Too many of us restrict Italy to pizzas, pasta and a tourist bucket list of visiting Rome, Venice, Milan or Florence at least once in a lifetime. What we tend to forget or rather stay uninformed about is the romance, the idealism, fantasy, passion and the curiosity that this petite but incredibly culturally rich country has nurtured over centuries. It’s a world poets, painters, novelists, sculptors and eventually Italian audio-visual artistes envisioned. It is the ideal ground for creative work, filmmaking especially.
This is the idea that Roberto Stabile, Head of the International Department at ANICA (Italian Association of Cinematography and Audiovisual Industry) and Italian journalist and writer Giordano Bruno Guerri, came to Pakistan with. In a seminar arranged by the Italian Consulate last week, Senor Stabile and Guerri presented the many opportunities that Pakistan’s burgeoning audio-visual industry could take up, in Italy. Other than the picturesque landscape – which has been featured in panoramic feature films including high profile Hollywood productions over the last century – there was the technical aspect that often went ignored or unexplored.
“A lot of Hollywood films have been made in Italy with Italian technology,” Mr Stabile informed when we met for an informal discussion after the seminar. “Italy will provide high end technology as compared to Bangkok, where filmmakers from this region often go,” he said.

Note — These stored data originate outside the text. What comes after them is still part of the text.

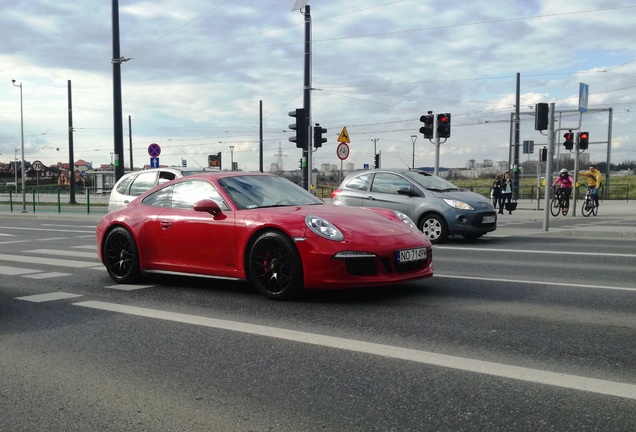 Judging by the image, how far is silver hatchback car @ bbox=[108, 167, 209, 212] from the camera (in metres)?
12.8

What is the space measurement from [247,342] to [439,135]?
16.3m

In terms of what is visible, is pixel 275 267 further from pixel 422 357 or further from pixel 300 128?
pixel 300 128

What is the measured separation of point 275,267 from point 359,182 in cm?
771

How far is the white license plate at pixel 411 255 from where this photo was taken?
6.08 m

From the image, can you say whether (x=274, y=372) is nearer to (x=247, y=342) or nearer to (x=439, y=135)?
(x=247, y=342)

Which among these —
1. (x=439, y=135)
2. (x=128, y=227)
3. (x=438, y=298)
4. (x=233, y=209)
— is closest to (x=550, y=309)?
(x=438, y=298)

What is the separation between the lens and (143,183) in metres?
13.1

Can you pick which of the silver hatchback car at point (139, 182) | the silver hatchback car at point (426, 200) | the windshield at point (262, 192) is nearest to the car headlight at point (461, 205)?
the silver hatchback car at point (426, 200)

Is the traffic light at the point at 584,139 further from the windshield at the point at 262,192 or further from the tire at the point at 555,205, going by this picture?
the windshield at the point at 262,192

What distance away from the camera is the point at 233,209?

There are destinations beyond the usual Milan, Florence and Rome circuit, he added. Signor Guerri, who is also President of the Association ‘il Vittoriale degli Italiani’ – a museum developed on the estate where Gabiele D’Annunzio lived during his period of ‘Golden Exile’ – presented the museum and its extraordinary location as one such example.
There were issues that one needed to discuss before a collaboration between ANICA and Pakistan’s film industry could be envisioned further. One, there stands the issue of visa issuance for Pakistanis but Dr Gianluca Rubagotti, Consul General of Italy in Karachi, assured that “no one with a serious mind to do business in Italy had ever been refused a visa.”
Second is the issue of cost, because filming in Italy – whether for the landscape or the technical assistance – would be costly as compared to Asia.
Italian journalist and writer Giordano Bruno Guerri, who’s also president of the association ‘il Vittoriale degli Italiani,’ which is proposed as a destination for filming.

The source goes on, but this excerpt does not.